→ **Brief**: Copy the data below exactly. Any pictures in it should be omitted.

→ **Data segment**:
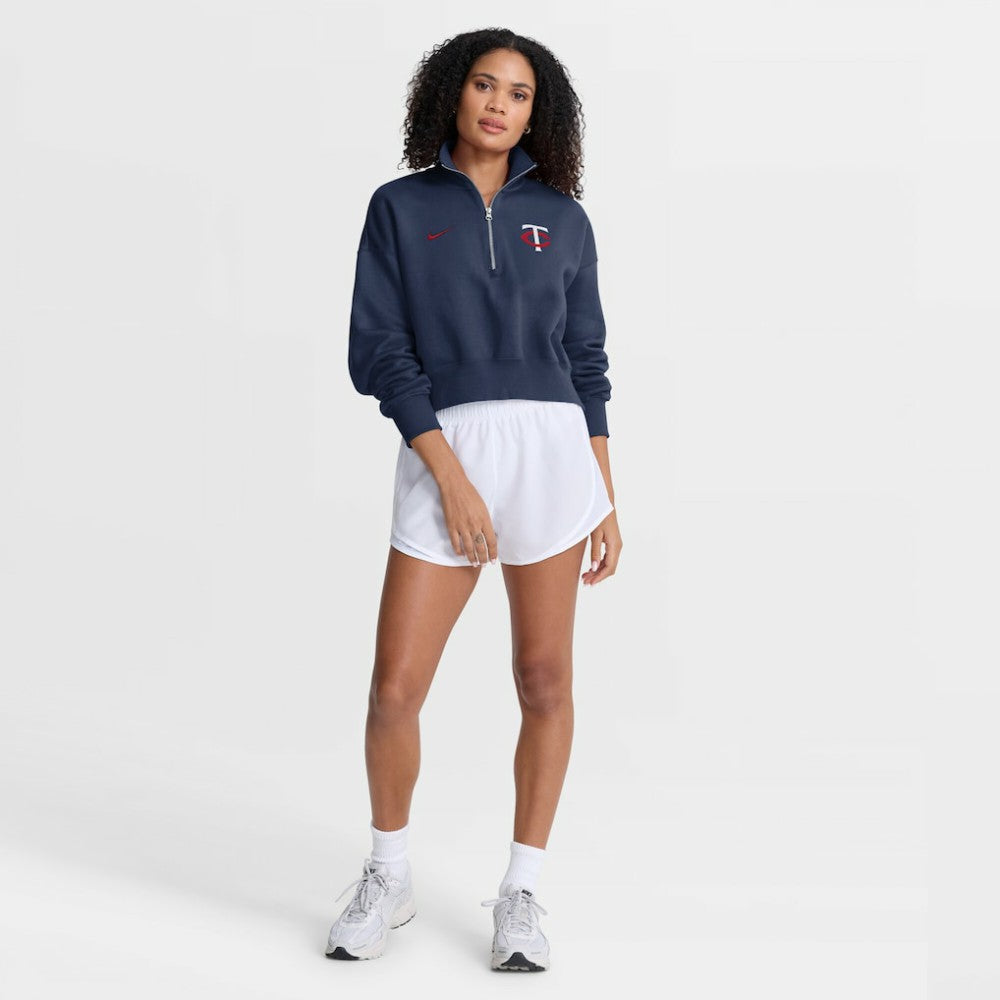MLB Minnesota Twins Nike Women's Primetime Phoenix Fleece Half-Zip Sweatshirt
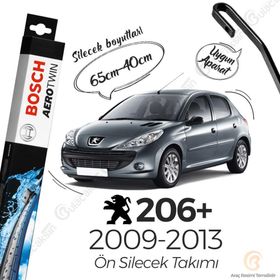 Bosch Aerotwin Peugeot 206+ 2009-2013 Silecek Takımı
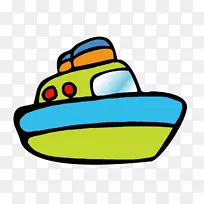 动画画片艺术-蓝色卡通船-空若网 动画画片艺术-蓝色卡通船-空若网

→ **Answer to this task**:
MLB Minnesota Twins Nike Women's Primetime Phoenix Fleece Half-Zip Sweatshirt
 Bosch Aerotwin Peugeot 206+ 2009-2013 Silecek Takımı
 动画画片艺术-蓝色卡通船-空若网 动画画片艺术-蓝色卡通船-空若网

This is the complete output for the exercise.